Jason Roy will be given one more Test to prove he can make it as an opener before England cut their losses and shift him into the middle order where head coach Trevor Bayliss thinks he belongs.
Right now Joe Denly remains in possession of the coveted number four position, but that has hardly been a resounding success either.
England’s decision makers still believe Roy has what it takes to make it as a Test match batsman, but his returns so far alongside his best mate Rory Burns have been negligible.
And while the upside of his swashbuckling style of play could be an electric start to England’s innings, he hasn’t hung around long enough yet for anyone to find out if he can cut it.
“Personally I think he is a middle order player, but the one spot available was at the top,” said Bayliss.

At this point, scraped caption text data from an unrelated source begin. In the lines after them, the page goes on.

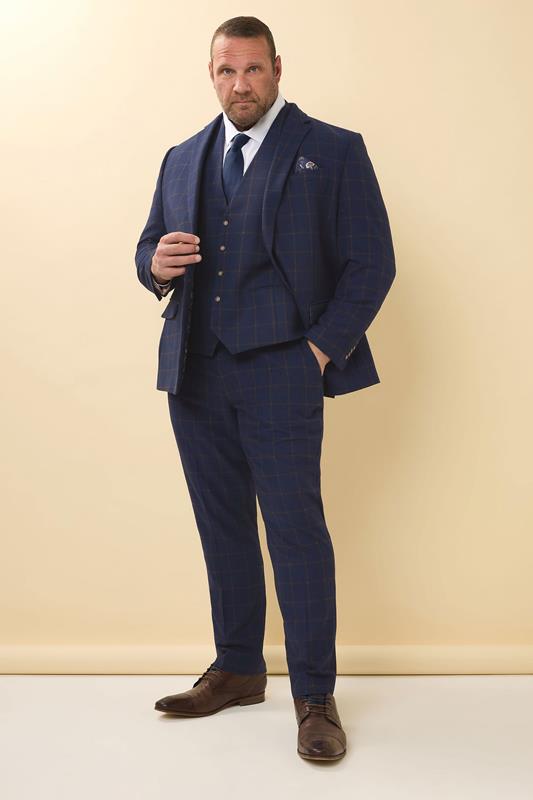 BadRhino Tailoring Big & Tall Navy Blue & Rust Orange Tweed Trousers | BadRhino 3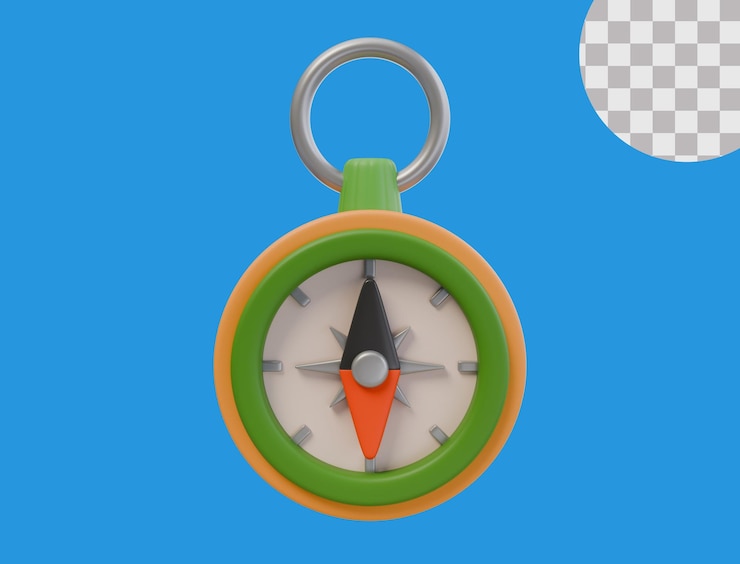 PSD 3d icon compass strumento di orientamento per il campeggio strumento di escursione strumento di illustrazione 3d per web o app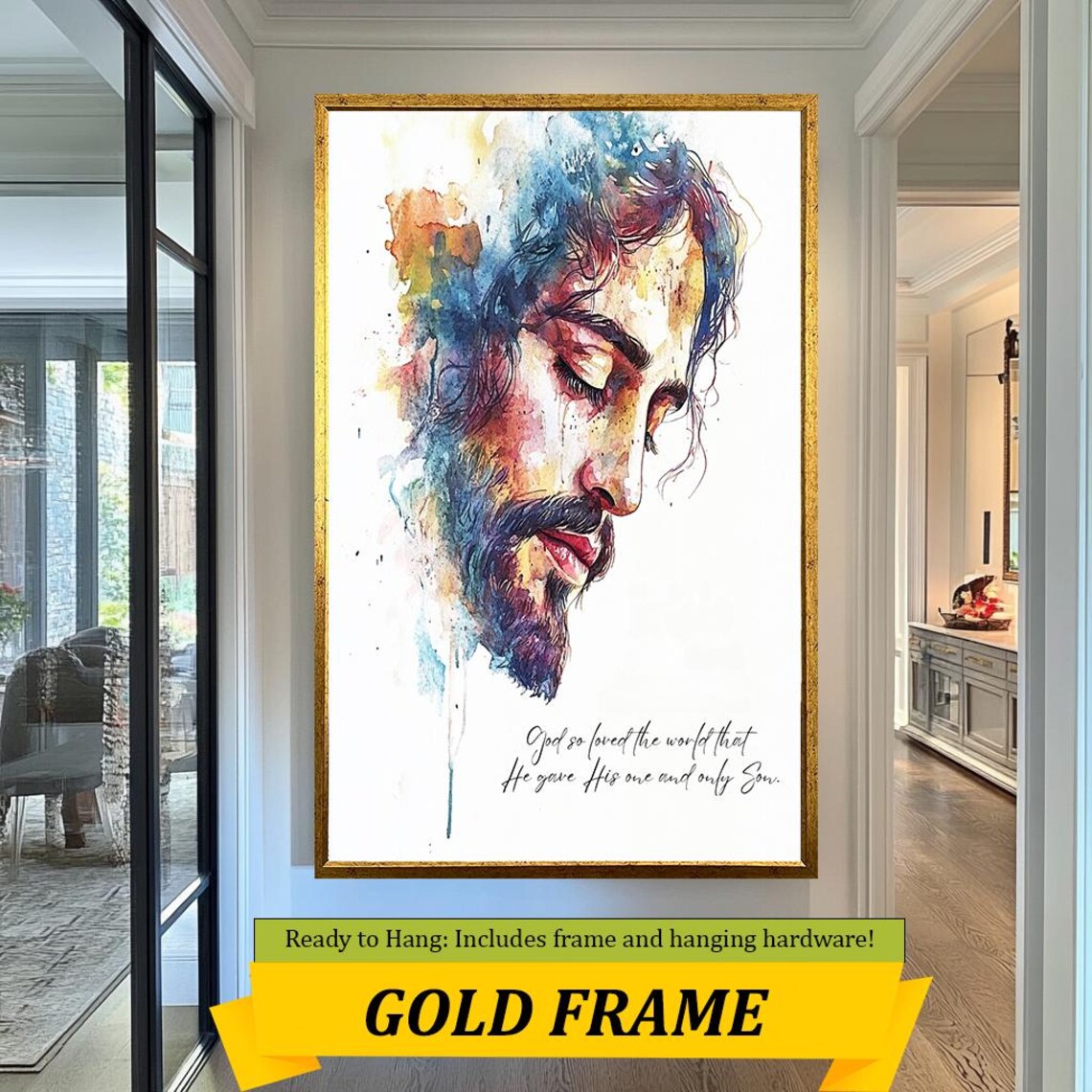 Jesus Christ Watercolor Portrait With Bible Verse John Three Sixteen Poster - Image 5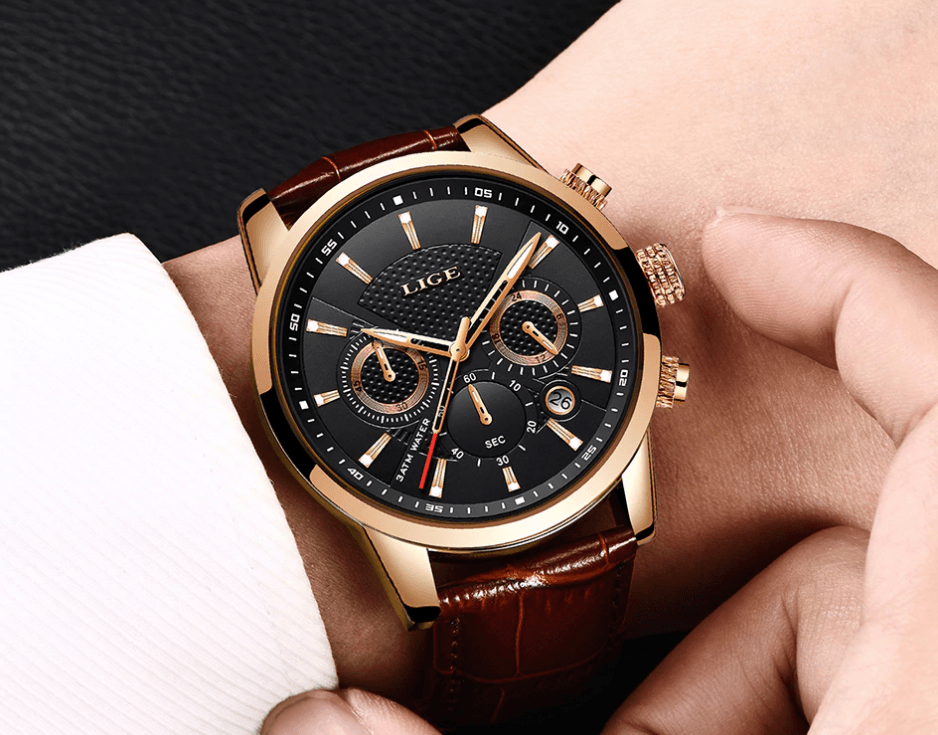 Men's Waterproof Watch With Chronometers Day View Sport Analog Watches Excellent Look Perfect Gift For Him
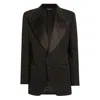 Dolce & Gabbana Satin Lapel Blazer Structured Shoulders Straight Hem In Black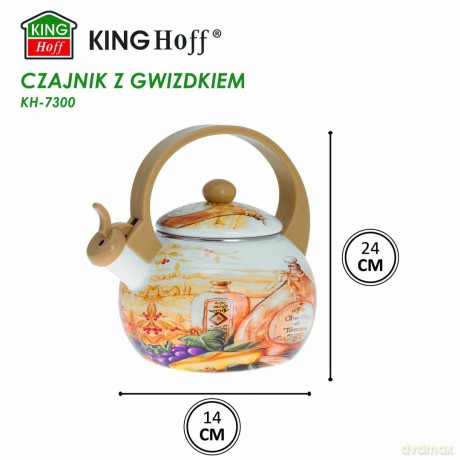 Czajnik z gwizdkiem, stal emaliowana, wzór - toskańska oliwa, 2l, kinghoff, kh-3700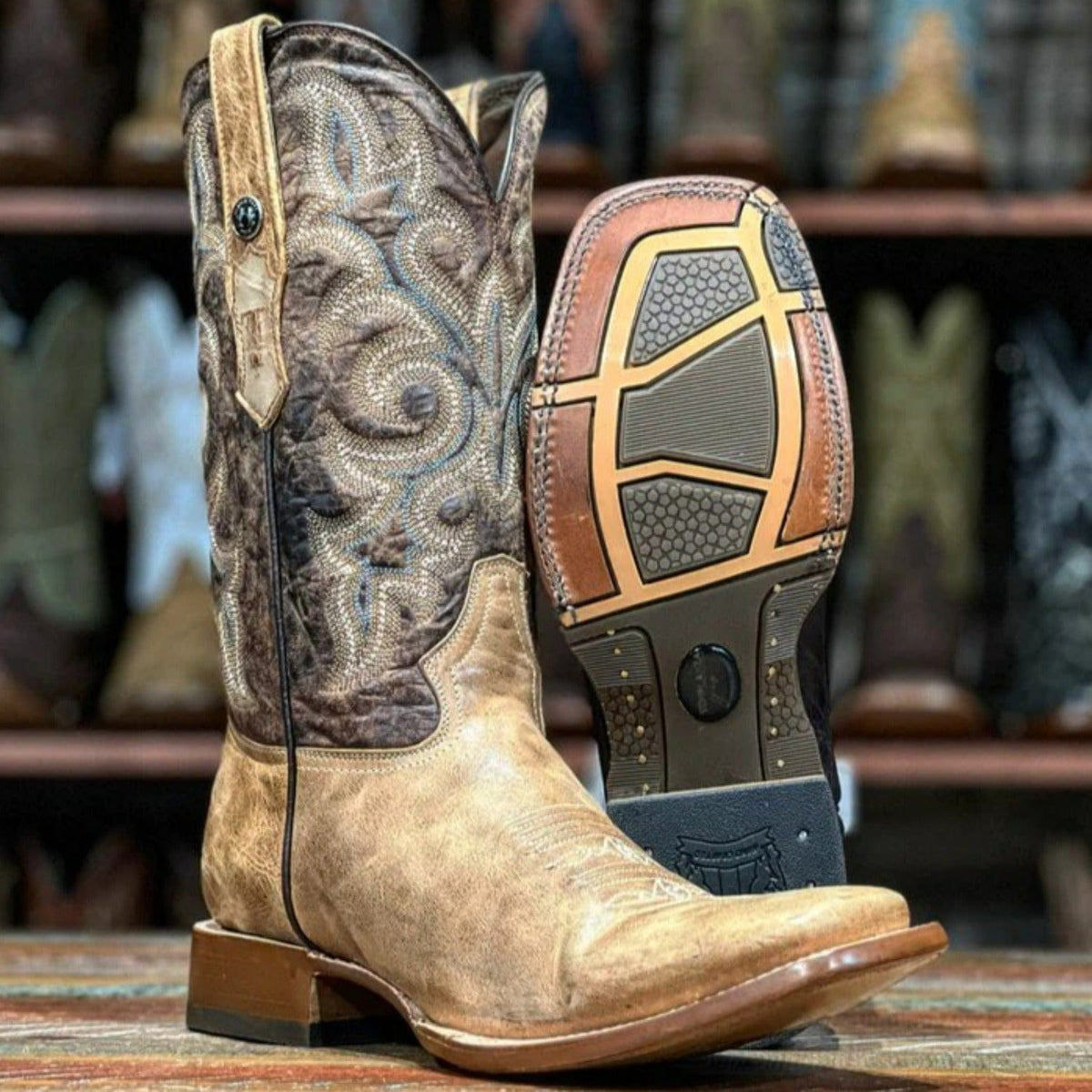 Tanner Mark Men's Square Toe Leather Boots Olden Tan TM207042 â NewWestBoots.com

“That meant Jason coming in and with his experience of white ball cricket, yes we know it’s different, that’s the option we took.
“It hasn’t worked yet but he could easily come out and blast a quick 100. Long term he’s more middle order, he’d feel more comfortable there.”
Denly actually has more experience of opening the batting in first-class cricket than Roy, so it does beg the question why haven’t they made the switch already?
This is an issue that will have been thrashed out in the selection meeting, and yet somehow they will go into the third Test placing square pegs in round holes leaving something for the next coach to deal with when Bayliss is done.
For now though, the only concern is to get enough runs out of the players they’ve got to give their bowlers something to work with.
They will continue with Ben Stokes at number five and will ask Jonny Bairstow to bat at six above Jos Buttler if he hasn’t already kept wicket.
It is a fluid and flexible structure that cuts against the grain as far as Bayliss is concerned, but for this match and potentially for the series, England will stay light and nimble in the hope it works as well as it did in Sri Lanka.
“Personally I’d like to see the guys stick to a position and everyone becomes comfortable but it is one of the difficulties,” added Bayliss.
“The all-rounders having to back up after bowling or keeping is one of the challenges, exactly what the answer is we’re trying to work it out.
“It’s something we have to look at going forward. There might come a time when we have to put a foot down and say no, this is what’s happening. Like it or lump it.”